Der Präzedenzfall Schumacher Dopingprozess sorgt für Zündstoff
10.04.2013, 07:05 Uhr
Von 2006 bis 2008 fuhr Schumacher für das Team Gerolsteiner. In nachträglichen Analysen von Proben der Tour de France 2008 und der Olympischen Spiele 2008 war er des Dopings mit dem Epo-Präperat Cera überführt worden.
(Foto: REUTERS)
Bisher wurden dopende Profisportler nie strafrechtlich belangt. Stefan Schumacher ist der erste, der wegen Betrugsverdacht vor Gericht steht. Der Prozess gegen den früheren Radprofi gilt als Präzedenzfall. Gegner und Befürworter eines Anti-Doping-Gesetzes schauen ganz genau hin.
Im ungünstigsten Fall droht Stefan Schumacher eine Gefängnisstrafe. Aber der in der Vorwoche umfänglich Doping-geständige Radprofi sieht gar keine Grundlage für den an diesem Mittwoch vor der 16. Großen Strafkammer des Landgerichts Stuttgart gegen ihn beginnenden Betrugsprozess. Schumacher, der den Weg zur angeblichen Wahrheit mühsam fand, ließ bei seiner Doping-Beichte im "Spiegel" keinen Zweifel daran: Sein ehemaliger Teamchef Hans-Michael Holczer, der 150.000 Euro zurückfordert, habe über die Doping-Praxis unter Aufsicht der Ärzte in seinem Team Bescheid gewusst - auch wenn er in der Öffentlichkeit als der große Ahnungslose dazustehen schien.
Der Prozess gegen den 31 Jahre alten früheren Gerolsteiner-Profi ist ein Präzedenzfall mit Zündstoff. Bislang wurden dopende Profisportler meist nicht strafrechtlich belangt, sondern nur von den jeweiligen Sportverbänden gesperrt. Eine Anklage wegen Betrugs hat es schon häufiger gegeben, zu einer Gerichtsverhandlung ist es aber wegen der schwierigen Nachweisführung in solchen Fällen noch nie gekommen.
Mit Schumacher steht nun erstmals ein Dopingsünder wegen Betrugsverdachts vor Gericht.

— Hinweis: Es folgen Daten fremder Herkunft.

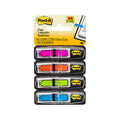Arrow Page Flags - Sticky Bulk Pack (24 Pads) 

Aus sportpolitischer Sicht geht es um eine Antwort in einer Systemfrage. Ein Freispruch für Schumacher wäre Wasser auf die Mühlen der Befürworter eines Anti-Doping-Gesetzes, eine Verurteilung auf die der Gegner.
"Eine neue Qualität"
"Das Arzneimittelgesetz stellt den Eigenkonsum und den Besitz geringer Mengen an Dopingmitteln nicht unter Strafe. Bejaht man eine Betrugsstrafbarkeit des dopenden Sportlers, könnten die staatlichen Ermittlungsbehörden künftig bei Dopingverdacht auch gegen den Athleten ermitteln", sagte Sportrechtler Marius Breucker den "Stuttgarter Nachrichten": "Das wäre eine neue Qualität im Anti-Doping-Kampf".
Schumachers Anwalt Michael Lehner sieht im von ihm angestrebten Freispruch sogar einen Anreiz für eine umfassende Anti-Doping-Gesetzgebung. "Die Frage ist, reicht das normale Sportrecht aus, um Doping mit all seinen Mehrschattierungen mit Ärzten, Funktionären und Betreuern abzudecken", sagte der erfahrene Heidelberger Sportrechtsexperte.
Doping bald Straftat?
Die baden-württembergische Landesregierung will unterdessen ein Anti-Doping-Gesetz auf den Weg bringen. "Wir haben im Kabinett beschlossen, eine entsprechende Bundesratsinitiative mit einem konkret ausformulierten Gesetzesvorschlag einzubringen", sagte Justizminister Rainer Stickelberger.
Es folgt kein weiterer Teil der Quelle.